Canada Reads

So, Canada Reads starts today (and goes until Thursday), and since we at DailyXY strive to be both gentlemen and scholars, we decided to read all five books and tell you what we thought. Actually, Robson was the only one who did that, but he won’t shut up about it, so here are his reviews once more. Also, you can tune into Canada Reads at 10AM ET on CBC Radio, on CBC TV at 4PM local, or online, like someone under thirty-five.

The Orenda, Joseph Boyden

“Joseph Boyden’s The Orenda restores people to their place. In what is now Ontario and Quebec during the Beaver Wars of early seventeenth century, The Orenda is narrated by a Huron war leader named Bird, his adopted Iroquois daughter Snow Falls, and a French missionary named Christophe. However, the story amends and clarifies some of our understanding of the history that led to Canada, and my preceding sentence needs to be similarly amended and clarified.”

Annabel, Kathleen Winter

“Obviously, tensions between masculinity and femininity play a major role in Annabel—Wayne doesn’t know his own secret for much of his life, but he does know that he isn’t quite like other boys, so much so that he’s happy to be called Annabel by Thomasina, after her deceased daughter. Wayne’s impulse towards things unsuitable to Labrador men—synchronized swimming, drapery, and Florentine bridges—causes Treadway no end of anxiety, and her household’s unhappiness causes Jacinta’s carefully maintained order to slowly fray.”

Half-Blood Blues, Esti Edugyan

“Essential and immediate is exactly what Half-Blood Blues feels like. It’s the sort of book you pick up and accidentally read all in one sitting, a low-frequency hum of tension driving you all the way. In fact, it reads a bit like Down and Out in Paris and London; just replace London with Berlin, move it forward to 1939-40, and replace George Orwell and friends with a posse of black jazz musicians hoping to cut a record in trying circumstances. Part of the book’s magic is that Edugyan takes us in the direction of well-trod territory, but veers off to someplace new. It doesn’t matter how many novels and films you’ve seen about the Nazi rise or the occupation of Paris—Half-Blood Blues makes it fresh.”

Cockroach, Rawi Hage

“And Cockroach very easily could have been a melancholy book. The titular cockroach is a Middle Eastern man stuck in a shrink’s office by court order after a botched suicide attempt. He isn’t sad; he’s duplicitous, goatish, and an unapologetic (and talented) thief with a tragic past, but he isn’t sad. He also isn’t introspective, nor is he coming to terms with things, despite the efforts of his shrink.
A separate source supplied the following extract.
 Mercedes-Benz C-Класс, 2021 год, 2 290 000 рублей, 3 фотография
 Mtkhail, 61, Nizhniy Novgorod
He is, in fact, a shithead—but a loveable one.”

The Year of the Flood, Margaret Atwood

“The Year of the Flood follows mankind’s slouch towards the end through two reluctant members of a green spiritualist resistance (Oryx and Crake gives you the corporate, engineered inside story). In doing so, both books join the short list of apocalyptic literature worth reading, largely because the characters we’re following (Toby, a tough but pensive survivor of a woman holed up in a spa, and Ren, a wounded exotic dancer) are complex but ordinary. They have a special vantage point when it comes to watching events unfold, but they aren’t great heroes, idealists, or iconoclasts. They’re surviving, before and after the flood, perhaps not unlike most of us.”